Download the full report Big Ideas, Little Learners: Early Childhood Trends. 

There is no question that the past 50 years have seen major progress in practices for young children and families. In addition, tremendous breakthroughs in brain science have clearly established why the early years are so critical in a young child’s development. 

The understanding of the importance of the early years is becoming mainstream. National, state, city, and local policymakers are starting to pay attention. Parents have also heard the message, and families are increasing how much they spend on early childhood, especially those who have the ability to do so.

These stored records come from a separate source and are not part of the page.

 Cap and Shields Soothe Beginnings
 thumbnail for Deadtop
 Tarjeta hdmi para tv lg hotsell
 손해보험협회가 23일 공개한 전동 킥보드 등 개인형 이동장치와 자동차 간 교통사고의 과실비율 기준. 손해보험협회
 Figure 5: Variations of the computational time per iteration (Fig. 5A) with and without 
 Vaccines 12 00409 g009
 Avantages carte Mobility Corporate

Despite these upward trends, early childhood remains massively under-invested in the US relative to other nations and to other age groups. Early childhood educators and programs are underfunded relative to the needs, leaving too many children and families behind. 

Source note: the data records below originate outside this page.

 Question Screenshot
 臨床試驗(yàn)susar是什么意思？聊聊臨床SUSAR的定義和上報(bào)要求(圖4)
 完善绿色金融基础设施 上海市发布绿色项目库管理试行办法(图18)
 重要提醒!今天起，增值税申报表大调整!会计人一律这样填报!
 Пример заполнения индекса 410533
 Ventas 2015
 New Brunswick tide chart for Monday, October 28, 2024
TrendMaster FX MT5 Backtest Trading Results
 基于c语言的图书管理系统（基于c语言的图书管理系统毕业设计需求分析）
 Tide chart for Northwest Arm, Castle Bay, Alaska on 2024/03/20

How do we close the gap between the driving demand from a new generation of parents, educators, and policymakers who recognize the importance of early childhood education and the relative scarcity of scalable solutions that would allow each and every young child to thrive?

While we absolutely must increase public funding for evidence-based solutions, such as quality pre-K programs, Early Head Start and home visitation programs, and increase the compensation and stature of the early childhood workforce, we at Omidyar Network also believe that we need to attract entrepreneurial and leadership talent to the early childhood field along with innovation-focused capital to ultimately increase the supply of quality solutions.

With our release of Big Ideas, Little Learners: Early Childhood Trends Report, we hope to showcase megatrends driving new demand and supply in early childhood education with the hope that it will ignite even more conversations, ideas, actions, and energy into the space.